How many times have I seen that logo and not really noticed it


----------



## Stan (Aug 7, 2003)

It doesn't look too kosher Chris, maybe the MoD didn't put the date on watch backs then or if they did it would indicate the watch was made in 1991?









Foggy, weer an thee lad?


----------



## William_Wilson (May 21, 2007)

I am very far from being an expert, but that looks alot like the scores of asian fakes.

Later,

William


----------



## William_Wilson (May 21, 2007)

Here is the back of an MWC, currently manufactured, W10 homage. !00% Chinese!










Later,

William


----------



## PhilM (Nov 5, 2004)

Run a mile, it just looks wrong


----------



## William_Wilson (May 21, 2007)

potz said:


> @ william_wilson & chris_l
> 
> Have you guys noticed that the supposed NSN on both watches in your pix is the same?
> 
> This doesn't just smell of fish - it reeks like a Jap whaler 20 miles against a force 4.

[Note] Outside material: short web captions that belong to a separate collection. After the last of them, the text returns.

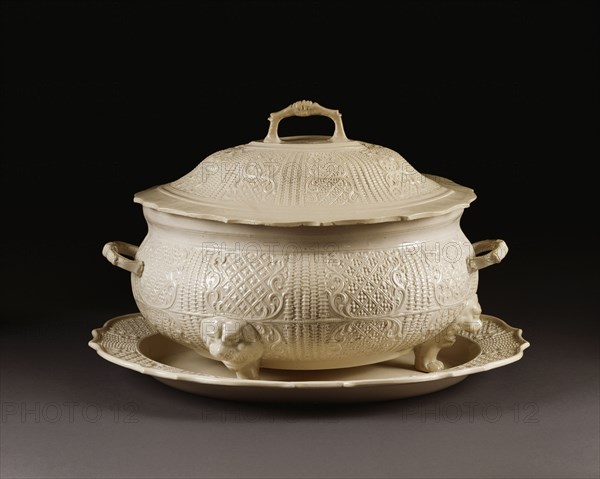 Tureen. Staffordshire, England, mid-18th century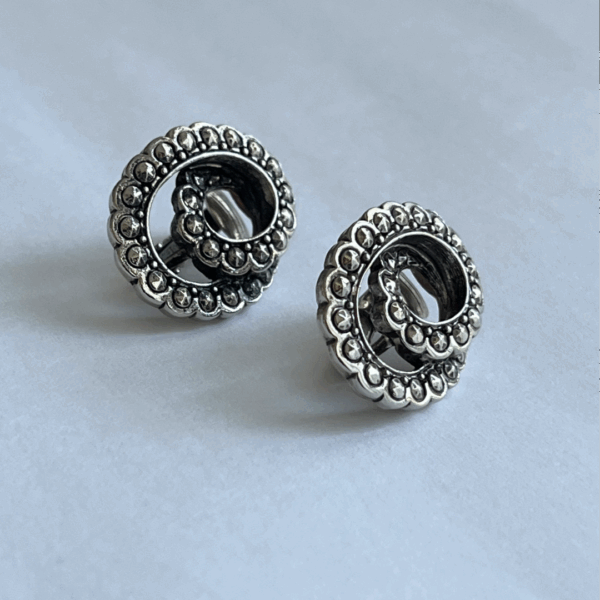 clutesy earrings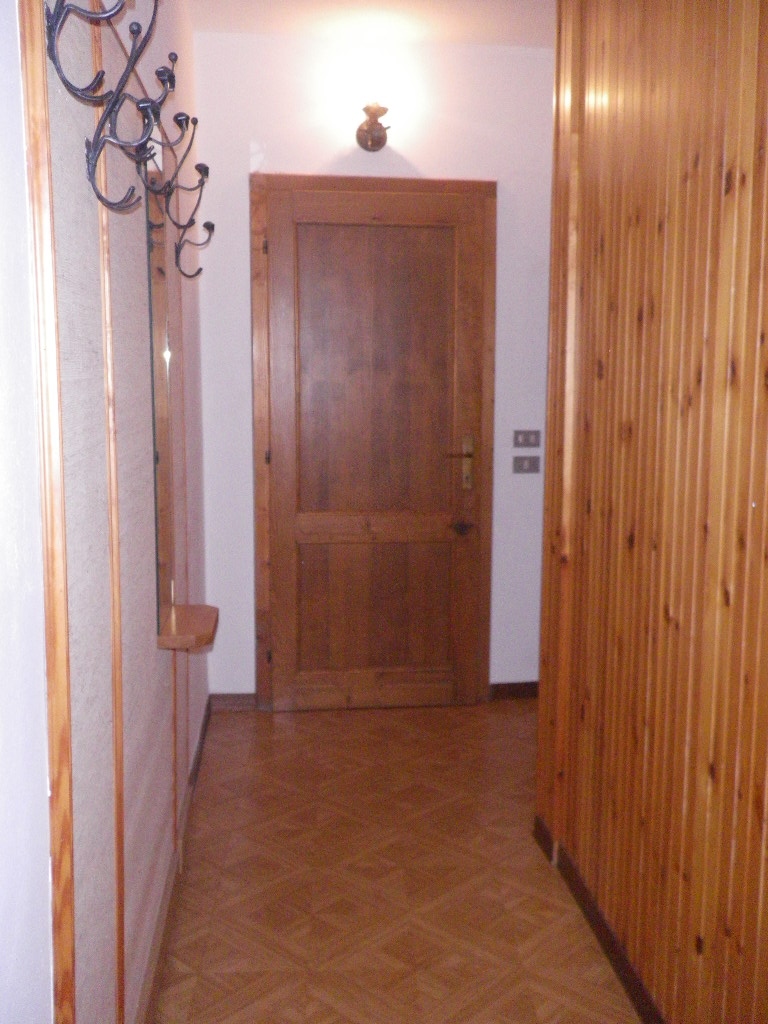 Appartamento 4Locale in vendita a Montagne, Binio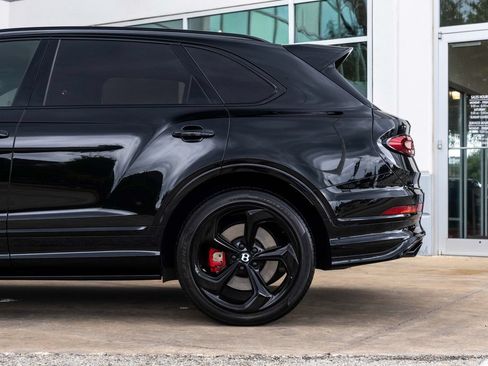 Certified 2024 Bentley Bentayga AWD/4WD image 16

Yes I have, I started thinking about the #'s on the initial picture and I was sure I had seen them not too long ago. These "modern" W10's are made in China with the screw on back and a 21 jewel Chinese movt.. If you do an Ebay search in the U.K., you find at least one seller with these things. They have that exact caseback. They are being sold as MWCs at GBP 35.00. Not worth it.

Later,

William


----------



## chris l (Aug 5, 2005)

William_Wilson said:


> potz said:
> 
> 
> > @ william_wilson & chris_l
> ...


Also sold out of HK by a 'UK seller' as '1970's NOS British issue', FYI, beware! Fortunately a look at 'sellers other items' brings forth the smell of old cod....


----------



## William_Wilson (May 21, 2007)

It is too bad that they wouldn't use the same screw back case, and put something like a Myota movement in it. At the same price it would be a nice servicable military tribute watch. I guess it is easier to sell crap by suggesting it's something it isn't.

Later,

William


----------



## Guest (Sep 17, 2007)

The NSN is well dodgy

I know naff all about watches, but I did a spell in commodities management for the DPA.


----------